DARPA’s Air Combat Evolution program is now a clear waypoint in the story of autonomy in high speed, high consequence domains. What began as a laboratory challenge to see whether algorithms could learn the tactics of within‑visual‑range aerial combat has matured into live-flight experiments that force us to confront not only technical thresholds but the social and ethical architecture that must surround any deployment of lethal autonomy.

The program’s arc is useful to recite because it demonstrates how a careful, phased approach can move ideas from simulation to aircraft without pretending the hard work is done. ACE’s public narrative begins with the AlphaDogfight Trials in 2019–2020. Those simulated tournaments, streamed and scrutinized by the community, culminated in August 2020 when Heron Systems’ agent defeated an experienced F-16 pilot in a virtual dogfight. The Trials were designed as a seedbed for algorithms and a way to build confidence among pilots and engineers that AI could meaningfully contribute to air combat tactics.

ACE then adopted a staged progression across phases: Phase 1 emphasized simulation and algorithmic development; Phase 2 moved agents into flight-capable testbeds; Phase 3 was intended to explore complex human-machine collaboration in manned flight environments. These phases are not bureaucratic checkpoints. They are experiments in risk management, trust calibration, and iterative learning at scale. The program’s Phase 1 and later TA3 awards to companies such as Dynetics illustrate the modular way DARPA funded parallel efforts to broaden the technical base.

The first major transition out of the simulator came in late 2022 and 2023. DARPA and its partners ported ACE agents into a specially modified F-16 testbed, the X-62A VISTA, and ran a sequence of flight tests at the Air Force Test Pilot School at Edwards Air Force Base. Those flights demonstrated that reinforcement‑learned and hybrid AI controllers could operate full‑scale fighters under supervised conditions and generated essential data about real aerodynamics, actuator latencies, sensor noise, and pilot reactions—all factors that do not appear in sanitized simulations.

By spring 2024 DARPA and collaborators publicly framed a new milestone. ACE teams flew in-air engagements in which AI agents controlled the X-62A in within‑visual‑range scenarios against human‑piloted F-16s. DARPA described these events as among the first live demonstrations of AI piloting a fighter in contested maneuvers against a human. The effort involved a diverse set of performers and government partners working to test both tactics and trust metrics.

Reading the timeline as data rather than hype yields a set of sobering technical lessons.

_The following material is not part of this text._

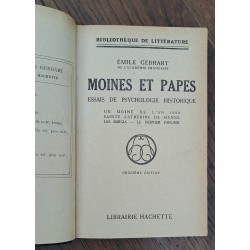 Moines et papes, Emile...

Algorithms that excel in simulation encounter unexpected failure modes when confronted with imperfect sensors, actuator limits, and environmental variability. The step from simulated dogfights to the X-62A did not eliminate those problems. Instead it revealed new categories of failure that required changes to training curricula, safety envelopes, and the human supervisory interfaces that mediate pilot-agent interaction. Some issues were mundane engineering: measurement latencies, control authority handover, and deterministic time budgets for decision loops. Others were psychological: how to measure operator trust and how pilots adapt mission tactics when paired with an agent whose reasoning is not directly inspectable.

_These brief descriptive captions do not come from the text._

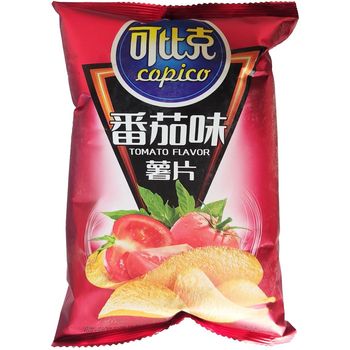 可比克薯片番茄味32G | Copico Potato Chips Tomato Flavour 32g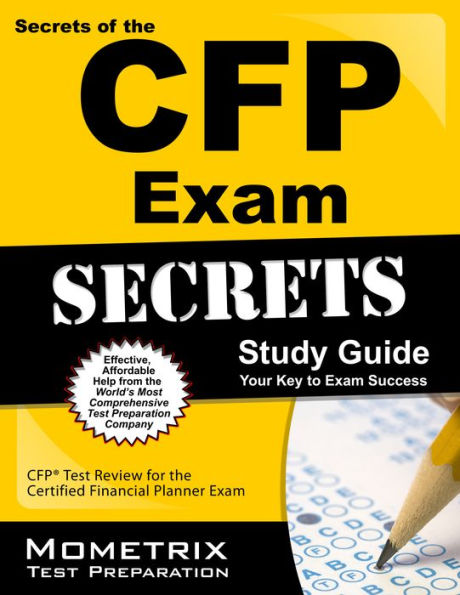 Secrets of the CFP Exam Study Guide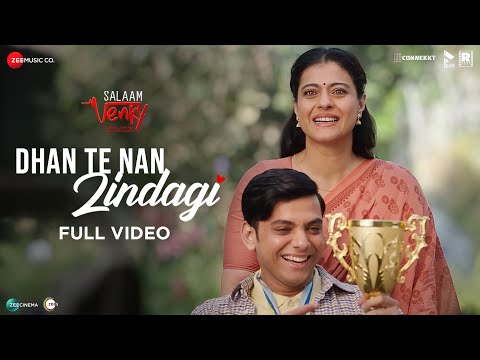 Dhan Te Nan Zindagi - Full Video | Salaam Venky | Kajol, Vishal J, Aamir Khan| Mohit Chauhan,Mithoon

The societal lessons are no less important. ACE deliberately framed autonomy as augmenting rather than replacing human judgment, positioning pilots as battle managers who supervise multiple assets. That is a defensible concept but it is not a policy solution. If autonomy systems gain kinetic authority, mechanisms for accountability, auditability, and legal responsibility must be explicit before operational fielding. Philosophically, the ACE timeline shows how secrecy and incremental testing can lower immediate risk while obscuring longer term governance choices. The technology timeline is not the same as the policy timeline. The former proceeds through experiments and software iterations. The latter must catch up with doctrine, rules of engagement, and international norms. My point is straightforward: speed of technical progress does not absolve us from deliberative choices about use.

What comes next for ACE-style autonomy is predictable in shape though not in detail. Expect further integration tests where AI agents operate as wingmen, coordinate multi-axis tactics, and accept constrained levels of autonomy under human supervision. Expect cross-domain lessons to be transferred into maritime and ground autonomy programs, and expect commercial advances in perception and compute to continue lowering technical barriers while raising ethical stakes.

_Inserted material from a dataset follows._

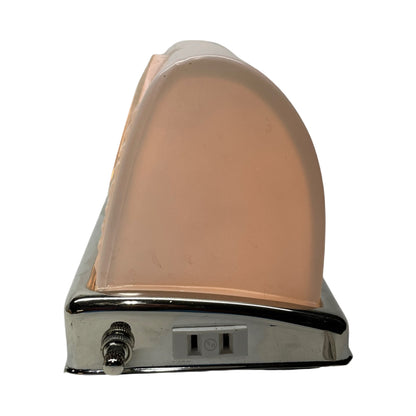 Polished Chrome MidCentury MCM Bath Sconces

If there is an instructive virtue in the ACE timeline it is humility. The program shows us how to combine rigorous experimentation with transparency to the pilot community, and it shows where additional work must be done: robust testing across the full ecological envelope of flight, formal methods for certifying learning systems, interfaces that make agent intent legible to human supervisors, and legal frameworks that tie technical capability to clearly allocated responsibility. Technology can produce extraordinary capability, but without parallel governance those capabilities will be brittle or worse.

For readers concerned with battlefield ethics, procurement officers, and engineers alike, ACE is a practical case study. It is not destiny. It is an architecture that can be shaped. The choice before the community is whether we will allow technical possibility to set policy or whether we will design institutions and norms that ensure autonomy is a tool of human judgment rather than a substitute for it.